The Minister said that there are currently 484 students on overseas training among which 343 are still continuing their studies while 44 have completed their respective courses, and are waiting to be repatriated to Seychelles.
“The students’ return to the country depends on the availability of flights, and this is a decision which is being taken jointly by the Public Health Authority (PHA), foreign affairs department and ANHRD. For the time being, they are meeting to do all the necessary and see how to arrange, as surely, they cannot all travel back on the same flight,” she said.
According to statistics provided by the Agency for National Human Resource Development (ANHRD), the 131 students are in Malaysia, 78 in the United Kingdom and 20 in Slovakia, while others are studying in other countries.
For those still studying, the chief executive of the ANHRD, Nadia Lauricourt, said they have to think carefully about coming back especially those who restart in September.
“What they need to ask themselves is will there be flights available for them to go back in time for September,” she said.
Since the outbreak of the COVID-19 pandemic, agencies in Seychelles have advised Seychellois students abroad to contact consulates and embassies in their areas.
“Foreign affairs through its embassies are providing consular assistance to the students.
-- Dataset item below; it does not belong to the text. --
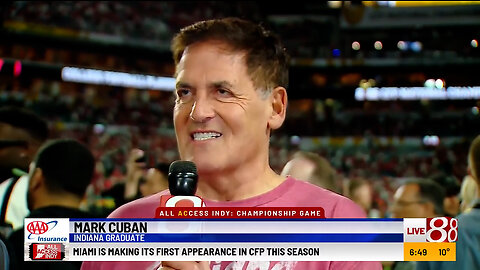 January 19, 2026 - Mark Cuban and Steve Alford Before Indiana University's National Title Game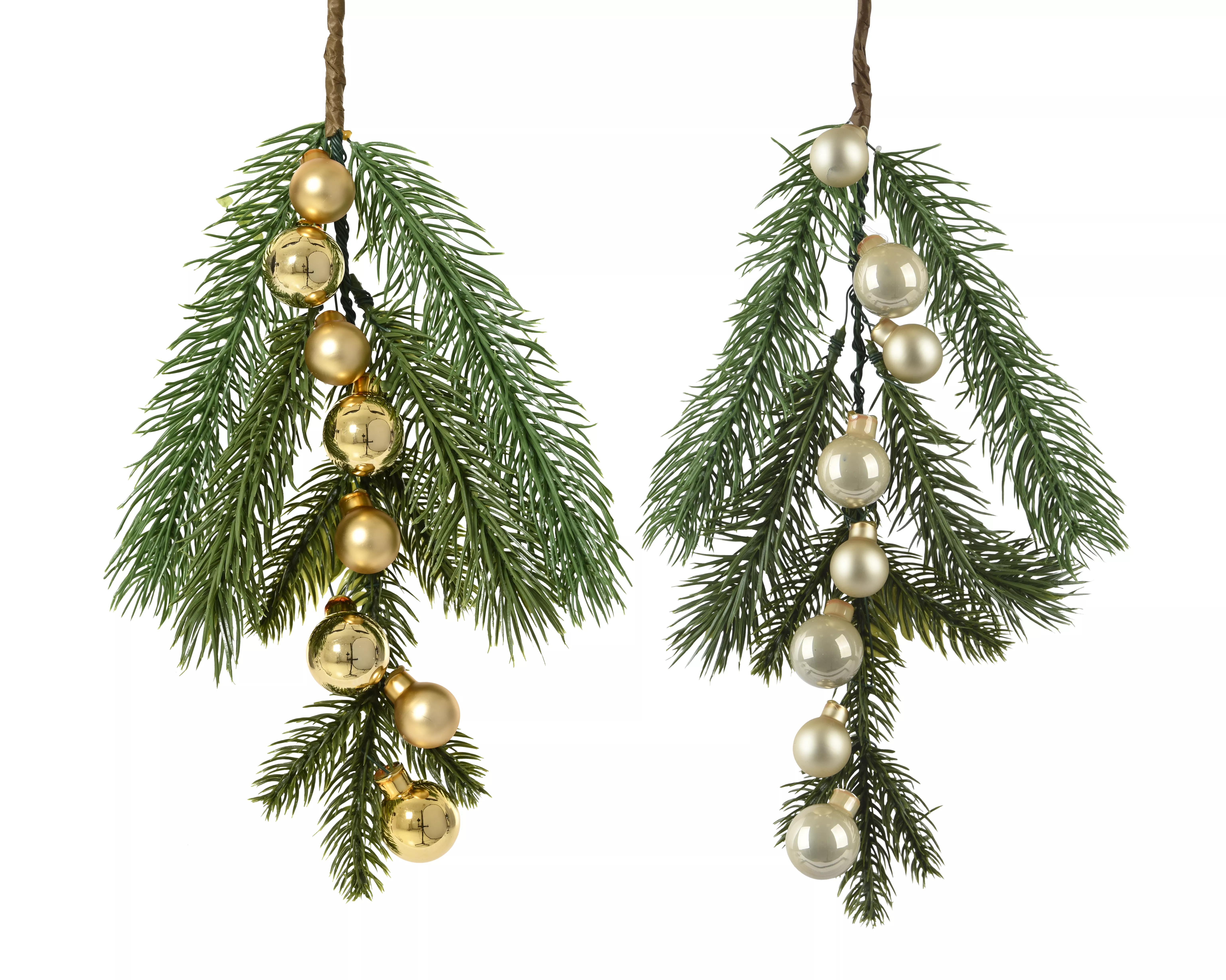 Clip Zweig mit Perlen CHRISTMAS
In fact, all Seychellois who are stranded, including students covered by ANHRD and those who are self-financed, and those who are destitute, medical patients, all categories in fact,” said Jacques Belle, director general for protocol, consular and maritime affairs.
He added that Seychelles has several embassies and consulates around the world and that “it is important to inform all others who have not come forward and made themselves known to approach the respective embassy.”
Currently, flights to bring home stranded Seychellois citizens are being organised by the national carrier, Air
Seychelles. These will include special flights to Mauritius, the details of which will be provided at a later date while flights to India, Sri Lanka and Bangladesh will commence once the borders of these countries reopen.
Seychelles, an archipelago in the western Indian Ocean, is free of COVID-19 and has reopened its international airport to commercial flights starting with private jets and chartered flights since June 1.